Colin Powell and Condoleezza Rice used private accounts for classified emails

This article is more than 8 years old

Hillary Clinton’s campaign has seized on findings that Rice and Powell were sent sensitive national security information to nongovernment email addresses

Hillary Clinton’s campaign claimed vindication in the long-running emails saga on Thursday when it emerged that two Republican secretaries of state had also received information later deemed classified on personal accounts.

The state department watchdog found that both Colin Powell and Condoleezza Rice, America’s top diplomats under president George W Bush, were sent sensitive national security information to nongovernment email addresses.

A spokesman for Clinton was quick to seize on the findings, arguing that they demonstrate “just how routine it is for government bureaucrats to go overboard” in keeping information secret from the public. Senior Democrat Harry Reid called it “a watershed moment”.

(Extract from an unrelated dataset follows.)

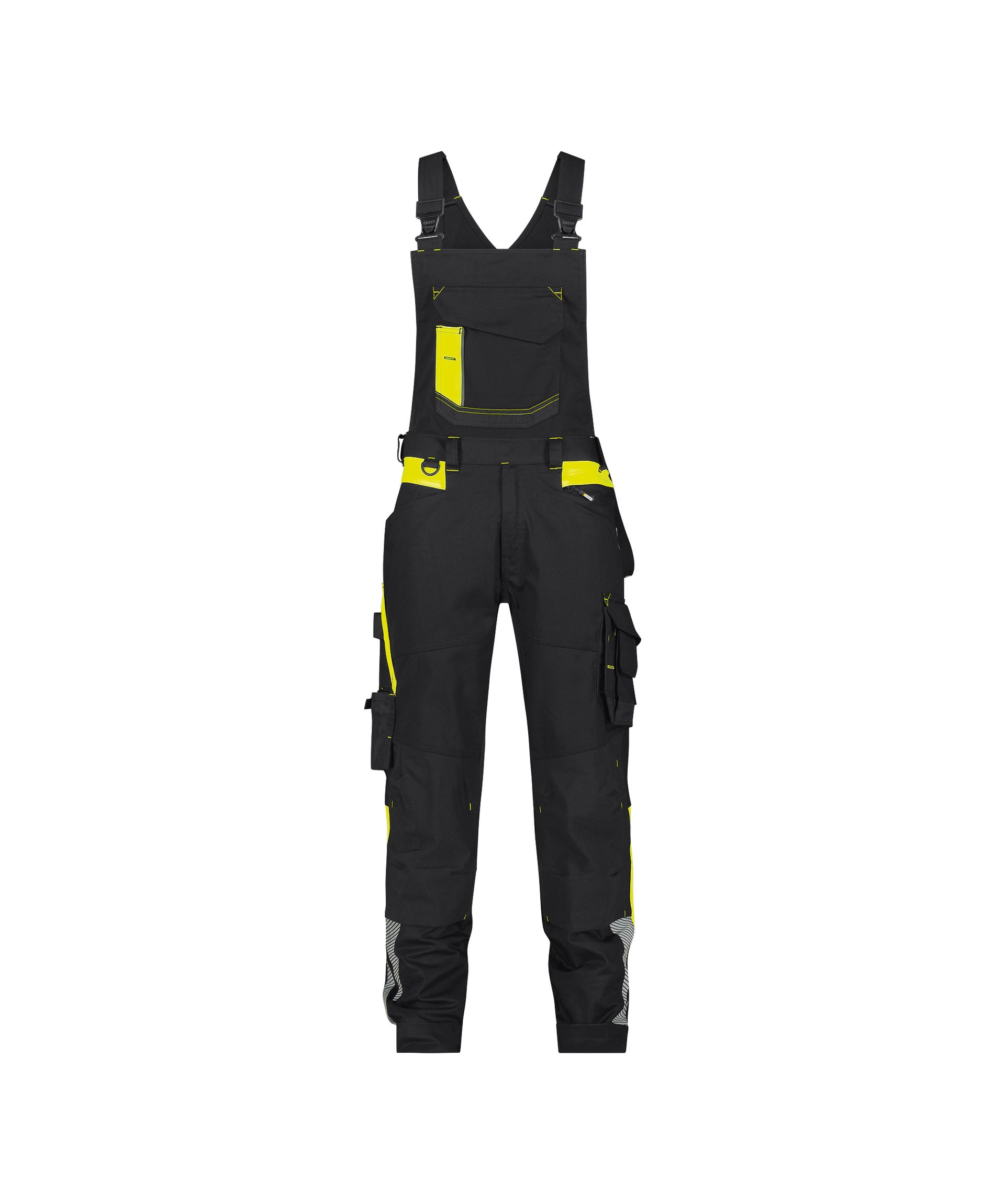 DASSY Ulsan Latzhose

The findings come after nearly a year of controversy over Clinton’s decision to set up an unsecured private email server for her work as secretary of state. Thousands of the emails have been made public but it emerged last week that 22 have since been classified “top secret”. The Democratic presidential candidate has described it as a mistake but denied any wrongdoing.

Steve Linick, the inspector general for the state department, wrote in a memo that two emails sent to Powell and 10 emails sent to Rice’s staff contained classified national security information.

“None of the material was marked as classified, but the substance of the material and ‘Nodis’ (No Distribution) references in the body or subject lines of some of the documents suggested that the documents could be potentially sensitive,” Linick wrote in the memo obtained by NBC News and the Associated Press (AP).

In late December, he said, the state department told Linick’s office that 12 out of 19 documents under review “contain national security information classified at the Secret or Confidential levels based on a review by nine department bureaus and office”.

Powell rejected the inspector general’s findings and called for the emails to be released. He told NBC News: “I wish they would release them, so that a normal, air-breathing mammal would look at them and say, ‘What’s the issue?’”

The former secretary of state explained in a statement that they were forwarded messages that two American ambassadors sent to state department staff. “My executive assistant thought I should see them in a timely manner so sent them to my personal account,” he said.

He said that while the department now has said they are “confidential” – a low level of classification – both messages were unclassified at the time and there was no reason not to forward them to his personal account. “I have reviewed the messages and I do not see what makes them classified,” Powell added. “The ambassadors did not believe the contents were confidential at the time and they were sent as unclassified.”

Powell’s office said he was visited by two FBI agents in December for a general discussion about email practices during his time at the state department.

Georgia Godfrey, Rice’s chief of staff at Stanford University’s Hoover Institution, said the former secretary of state did not use email while in the job nor have a personal email account. It was her understanding that the emails in question were sent to Rice’s assistant, “reporting diplomatic conversations and they contained no intelligence information”.

The memo was a gift for the Clinton campaign, which has been hammered by Republicans over the emails issue. Hillary for America chairman John Podesta said: “This announcement about Secretary Powell’s emails shows just how routine it is for government bureaucrats to go overboard when it comes to judging whether information is too sensitive for the public to see.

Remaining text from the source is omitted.